Well this is the reason for my initial misunderstanding - which I then thought I had wrong, but either you have it wrong too... or I had it right in the first place. Ok, less cryptically now:

It all depends on whether he has a Column called "name" that might be Null, or whether he has a parameter which checks column "name" and which might be null... in one case (your's) we check for null values in the column and in another case (my later case) we check if the parameter is null, not the column, and then from that decide whether to use it as a check or not - not sure which but between your and my solutions both are covered though, so I hope the OP gets sorted out - if not, let us know...


On 2013/11/18 13:55, Kees Nuyt wrote:
On Mon, 18 Nov 2013 13:04:31 +0200, RSmith <rsm...@rsweb.co.za> wrote:

Oops, misprint...

name won't be null of course, the parameter needs to be null, kindly replace 
the queries offered like this:

  delete from emp where ( key = ?1 )  AND  (( ?2 IS NULL )  OR  ( name = ?2 ));

or in the second form:

  delete from emp where ( key = ?1 )  AND  (( ?2 = '' )  OR  ( name = ?2 ));

I think this is closer to the intended - thanks,
Ryan
Uhm, I think you mean:

delete from emp
where ( key = ?1 ) AND (( name IS NULL ) OR ( name = ?2 ));

delete from emp
where ( key = ?1 ) AND (( name = '' ) OR ( name = ?2 ));

To cover both NULL and empty:

delete from emp
where key = ?1 AND (name IS NULL OR name = '' OR name = ?2);


On 2013/11/18 12:56, RSmith wrote:
I might be missing something extraordinarily obvious... but I cannot understand 
the use case for this logic you have.

My first response was to just use "delete from emp where key=123" and be done 
with it, who cares what the name is, right?

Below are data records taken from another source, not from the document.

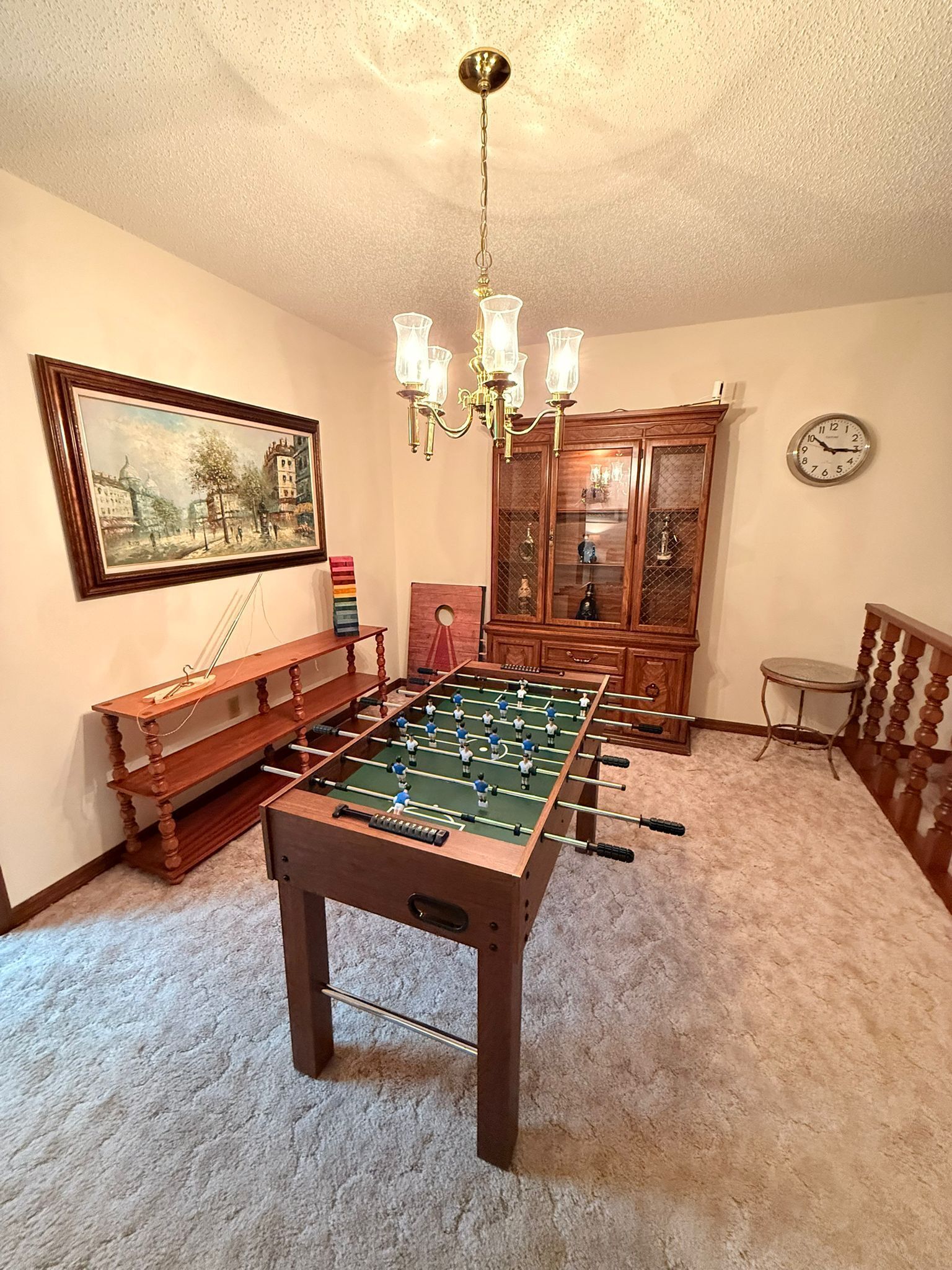 A room with a foosball table, a wooden bench, a chandelier, a clock, and a framed painting on the wall.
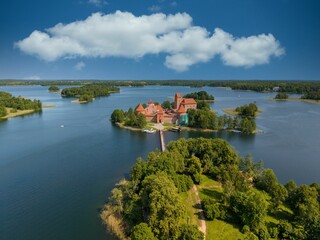 Aerial view of Trakai Island Castle in Lithuania with vibrant blue sky and serene lake
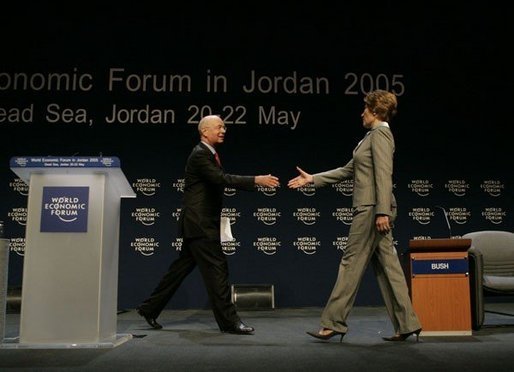 Klaus Schwab, chairman and founder of the World Economic Forum, welcomes Laura Bush to speak at the World Economic Forum at the Dead Sea in Jordan Saturday, May 21, 2005. White House photo by Krisanne Johnson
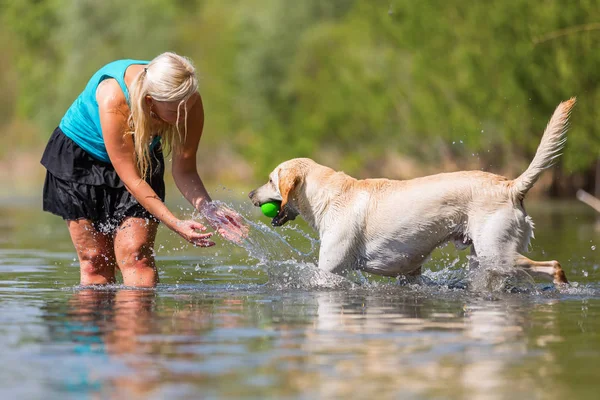 Wanita bermain dengan anjing di danau — Stok Foto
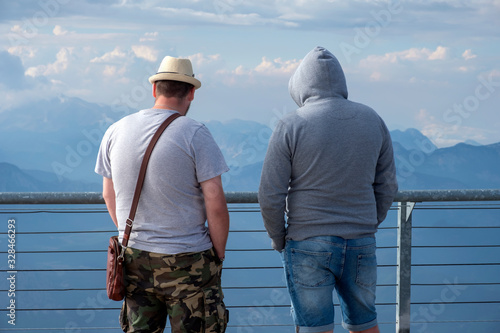 Tourists are looking on beautiful view of the mountains with cloudy sky at view point on Tahtali mountain in Turkey.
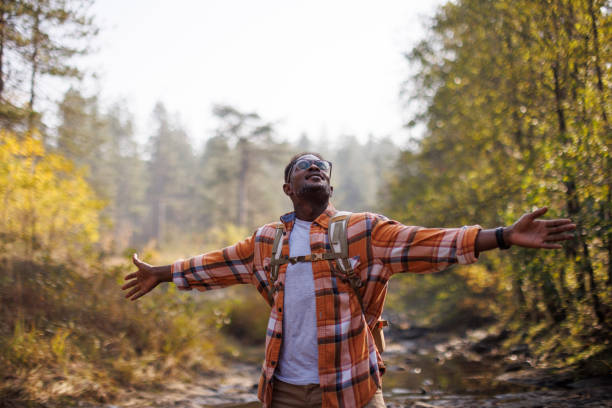 istock Happy peaceful man relaxing in the forest 2183498900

But then it dawned on me that you may for some reason have that key NOT as a 
unique key, which means you can have many keys that
are 123 in which case delete where key = 123 will remove all of them, but 
adding a name as an optional second parameter/check now
makes sense.

Some old-school boolean logic to the rescue then:
If this last case is true:

  delete from emp where (key = '123') AND ((name IS NULL) OR (name = 'abc'));


will simply delete all keys with 123 values, but only if the name is either not 
specified, or the name is both specified and
specific.



Be careful that you might not be binding null values, but maybe empty strings 
in stead of values, so another solution might be:

  delete from emp where (key = '123') AND ((name = '') OR (name = 'abc'));


You get the idea.

Cheers,
Ryan


On 2013/11/18 09:45, d b wrote:
Hi,


    I am trying to make single query instead of below two queries. Can
somebody help?

   1. delete from emp where key = '123';
   2. delete from emp where key = '123' and name = 'abc';

if Key available, execute 1st query. if key and name available, execute 2nd
query.

   Is it possible to write in single query?